Do tej pory produkcję studia Storm Trident oceniło raptem kilkunastu użytkowników Steama. Co jednak znamienne, większość z nich w wystawionych recenzjach zwraca uwagę na kłopoty z fizyką, które uprzykrzają zabawę. O elemencie tym mówią zarówno osoby dające „pozytywy”, jak i mniej liczne „negatywy”.

Niestety, fizyka pozostawia dużo do życzenia, zarówno fizyka lotu jak i postaci na minus. Na ten moment w odczuciu bardziej jakaś mobilka niż pełnoprawna gra.

Źle nie jest, ale fizyka i animacje wybicia i lądowania jakby przerywane, niepłynne jak w grze mobilnej.

Minęło 14 lat od wydania DSJ 4, a twórcom wciąż nie udało się odtworzyć fizyki skoków na tak wysokim poziomie… to wiele mówi.

Fizyka jest trochę dziwna, tłum został porwany przez zimowe wiatry.

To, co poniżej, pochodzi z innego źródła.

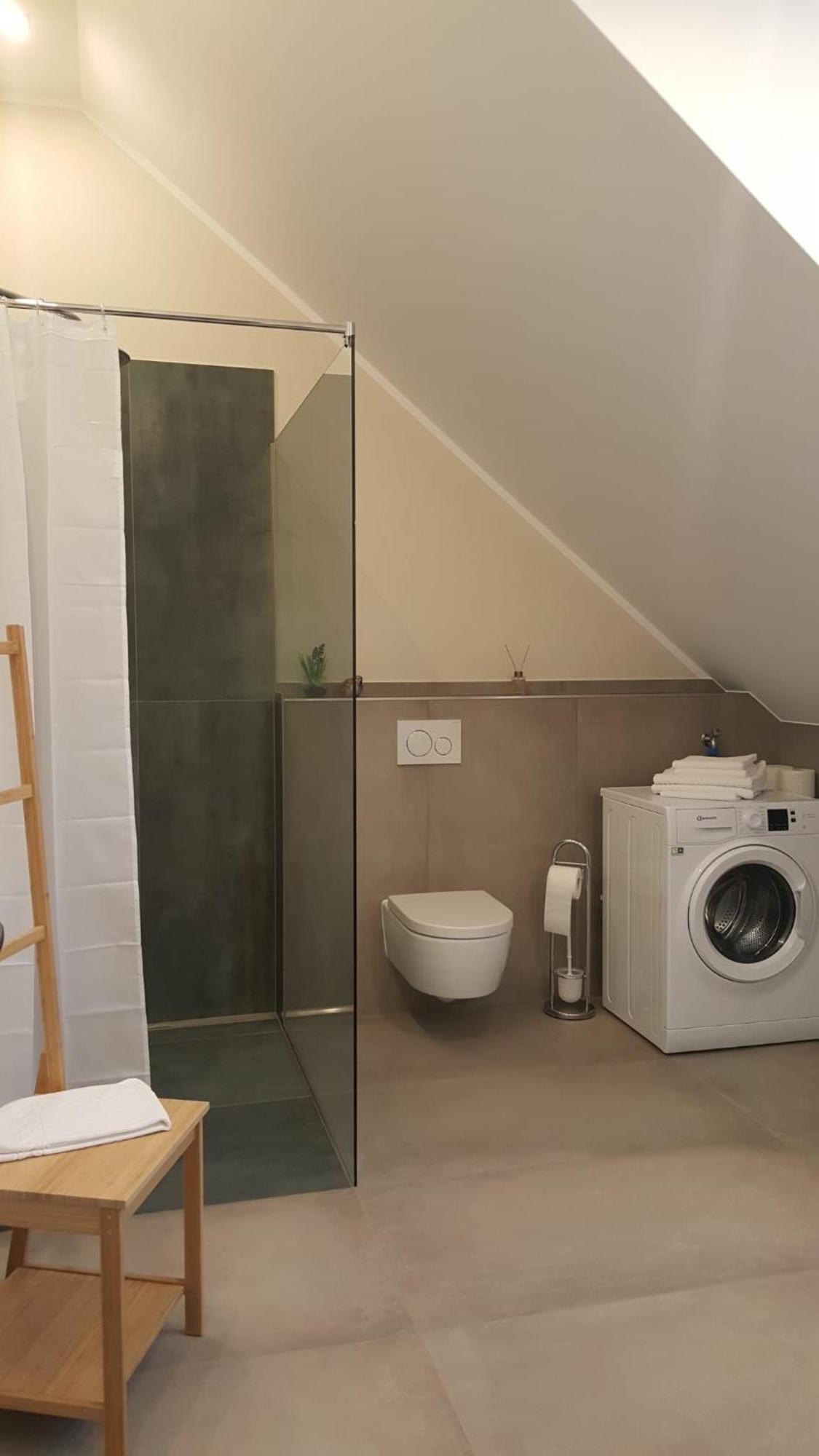 Hotel-Ferienwohnungen Cafe Maarblick Schalkenmehren Esterno foto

Jeśli twórcy nie wyeliminują owego problemu, młodsi fani Kacpra Tomasiaka, który zadebiutował kilka dni temu w Pucharze Świata, nie będą mieli własnego Deluxe Ski Jumping, w którym starsi gracze mogli „wcielać się” w wielokrotnie triumfującego Adama Małysza, znanego też jako Orzeł z Wisły.